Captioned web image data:
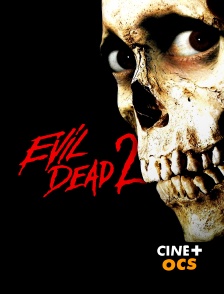 CINÉ Cinéma - Evil Dead 2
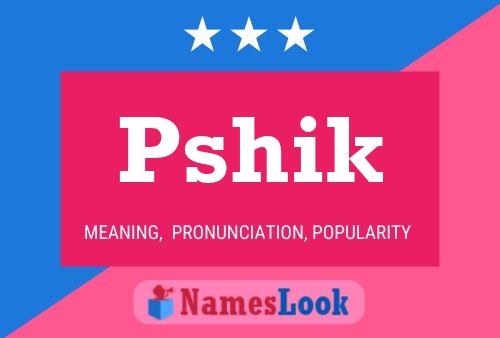 Pshik Name Poster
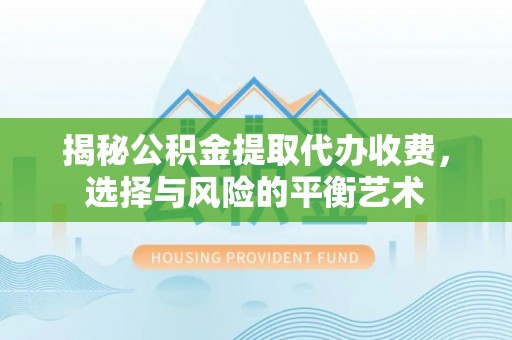 绥化揭秘公积金提取代办收费，选择与风险的平衡艺术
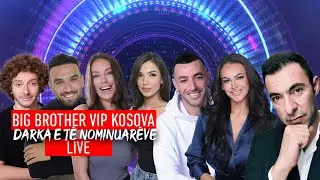 Darka e të nominuarve - 09.03.2023 - Big Brother VIP Kosova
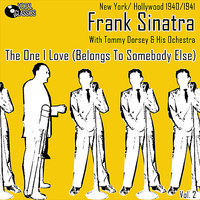 I'd Know You Anywhere - Frank Sinatra, Tommy Dorsey And His Orchestra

■ Assigned task:
All that is wanted is an exact copy of the lines from the line bearing "Pshik Name Poster" through the final line of the entries, including both ends but no pictures.

■ Expected output:
 Pshik Name Poster
 绥化揭秘公积金提取代办收费，选择与风险的平衡艺术
 Darka e të nominuarve - 09.03.2023 - Big Brother VIP Kosova
 I'd Know You Anywhere - Frank Sinatra, Tommy Dorsey And His Orchestra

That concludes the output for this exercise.